On defense, the linebacking corps has a lot of experience in Alonzo Highsmith, Tenarius Wright and Jarrett Lake.
However, what about the reserves in all of these areas?
Here's a look at five reserve players who must play big for the Razorbacks in 2012 if they are to go after a conference title.
Dennis Johnson will be a key backup for the Razorbacks at running back this year.
Knile Davis has received a lot of attention during the offseason, and deservedly so. He had 1,322 yards rushing in 2010 as he garnered first-team All-SEC honors.
However, Davis broke his ankle last year and he missed the entire season, but he's back this year and is a preseason All-SEC selection.
Still, Dennis Johnson might be the most key reserve on the roster for a variety of reasons. He'll give Davis breaks here and there, and he'll also be there should Davis get injured again.
Johnson had 670 yards rushing last year, including 160 yards against Ole Miss. He'll be a valuable asset to the entire team no matter what his role is this year.
The wide receiver position has a good mix of veterans, but there will be one freshman starting for the team.
Demetrius Wilson is valuable in the sense that he's sitting behind freshman Mekale McKay. Nothing against McKay and his abilities, but this is the SEC and there is a learning curve.
Should McKay not be able to play up to the competition in the conference, Wilson is going to be called upon to take over the spot.
Although Wilson doesn't have the experience either, he's a bit more mature and is likely to handle the pressure better than McKay. Plus, let's not forget Arkansas loves to pass the ball, so the No. 4 receiver is huge in that offense.

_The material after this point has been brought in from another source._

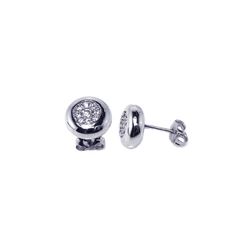 Sterling Silver Rhodium Plated Micro Pave Clear Cricle Inlay CZ Stud Earring ace00028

Although in a reserve role, Robert Thomas is going to get a lot of playing time in a run-heavy conference.
When you play in the SEC, you know you're going to get a heavy dose of the run.
For Arkansas, teams like Alabama, LSU and South Carolina are going to test the middle of the defensive line. That means a backup like defensive tackle Robert Thomas will be huge in stuffing the run.
While some running backs like to go to the outside, South Carolina's Marcus Lattimore and Alabama's Eddie Lacy are going to bust it through the middle. Thomas and the other linemen should be licking their chops because of this.
Last year, Thomas totaled 23 tackles and one sack in a reserve role. While still in that role this year, he should see a few more snaps.
If the energy can stay up on the defensive line, I see no reason why Arkansas can't have one of the top three rush defenses in the conference.
Jason Peacock, left, makes a block against Texas A&M last year.
Jason Peacock brings a lot of experience as a backup offensive lineman. Prior to coming to Arkansas, Peacock played for two seasons at Citrus College where he earned second-team All-Conference honors.
That experience provides the Razorbacks with a reliable backup that will be huge should an injury occur or if he's needed late in games.
The holes that he can possibly open up just might give Arkansas that extra bit to put away a win.
Dennis Johnson is the top kick returner for Arkansas, but Nate Holmes will also be called upon in various situations.
With Dennis Johnson also being the primary backup at running back, Nate Holmes could be an X-factor on special teams.
Just a freshman, Holmes is a speed demon, and he showed off his athletic skill in high school. Now in the SEC, he will be out to prove that he can be one of the best in the conference.
All Arkansas has to do is give him a chance. Johnson won't be able to return all of the kicks and punts.
My guess is the coaching staff will see what the kid can do in their first two games of the season (Jacksonville State and Louisiana-Monroe) before getting to the SEC portion of their schedule.